Un organisme pour superviser les agences de renseignement, des pouvoirs clarifiés et le droit de lancer des cyberattaques à l’étranger : le projet de loi antiterroriste qu’a présenté mardi 20 juin le gouvernement de Justin Trudeau ménage la chèvre et le chou, tentant d’équilibrer les besoins des forces de l’ordre et des services de renseignement avec le respect des droits et des libertés des citoyens.

Promesse phare du programme électoral de Justin Trudeau en 2015, cette révision de la loi antiterroriste, qui coûtera plus de 67 millions d‘euros pour les cinq ans à venir, devrait être adoptée à la prochaine session parlementaire d’automne. « Les Canadiens s’attendent à deux choses : qu’on protège nos communautés et nos familles et qu’on défende nos droits et libertés », a expliqué le premier ministre mardi à la Chambre des communes. Stephen Harper, son prédécesseur conservateur, avait durci les pouvoirs des services de sécurité dans la foulée de deux attentats djihadistes commis en 2014 au Canada. M. Trudeau jugeait cette mesure excessive et portant atteinte aux droits et libertés fondamentales des Canadiens.

Le gouvernement libéral avait déjà annoncé, il y a un an, vouloir créer un comité parlementaire de surveillance des activités de sécurité nationale et de renseignement qui sera en fonction cet automne. Il avait également abrogé en février 2016 une loi « conservatrice » qui permettait la révocation de la citoyenneté pour des binationaux coupables de terrorisme, trahison ou espionnage au profit de l’étranger. Le gouvernement veut désormais créer un nouvel organisme indépendant de surveillance des services de sécurité et de renseignement. Dans une approche qualifiée de « globale et transparente » par le ministre de la sécurité publique, Ralph Goodale, il aura l’œil sur la Gendarmerie royale du Canada (police nationale), le Service canadien du renseignement de sécurité (SCRS, contre-espionnage) et le Centre de la sécurité des télécommunications du Canada (CSTC), qui ont parfois fait l’objet de critiques sur leurs difficultés à collaborer à une enquête ou à échanger des informations.

Menaces sur les élections

Sans réduire les moyens d’action des agents du SCRS (notamment pour tenter de déjouer des complots terroristes, infiltrer un groupe soupçonné de terrorisme, interrompre des communications entre suspects, surveiller des opérations financières douteuses), le projet de loi encadre davantage leurs pouvoirs en matière de « réduction de la menace à la sécurité », afin d’éviter les abus (par exemple sur la détention de personnes).

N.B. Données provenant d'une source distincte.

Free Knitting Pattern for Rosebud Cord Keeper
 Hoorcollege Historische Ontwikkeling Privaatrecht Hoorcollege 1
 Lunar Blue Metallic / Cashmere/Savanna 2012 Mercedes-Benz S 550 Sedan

Comme en France, où le Conseil d’Etat vient d’approuver un projet de loi antiterroriste qui redonne certains pouvoirs aux autorités judiciaires, celui-ci impose au SCRS d’obtenir un mandat judiciaire dans certains cas, par exemple pour mener une opération antiterroriste qui « limiterait » les droits et libertés des citoyens. Cela risque de compliquer leur travail, réplique le député conservateur Erin O’Toole, jugeant que « les libéraux ne prennent pas au sérieux la sécurité publique ».

Pour l’utilisation de données personnelles canadiennes, le projet de loi en cours précise que le SCRS devra plutôt obtenir un mandat de la Cour fédérale. Le gouvernement Trudeau crée également un poste de « commissaire au renseignement » qui serait chargé d’approuver les opérations les plus sensibles du SCRS et du CSTC, comme la collecte de méga données personnelles ou l’engagement dans des opérations de cyberattaques à l’étranger.

Ce pouvoir de mener des cyberattaques est l’un des points forts du projet de loi. « Actuellement, note le ministre canadien de la défense Harjit Sajjan, nous nous contentons de nous défendre. Nous voulons être plus proactifs dans la façon de gérer les menaces au chapitre de la cyber-sécurité ». Comme en écho, le Centre de la sécurité des télécommunications a lancé mercredi un avertissement : « Le Canada n’est pas à l’abri des cyberattaques » et les prochaines élections de 2019 pourraient être des cibles de choix, alors qu’il y a « de plus en plus de cyber-menaces contre les processus démocratiques aux quatre coins du monde ».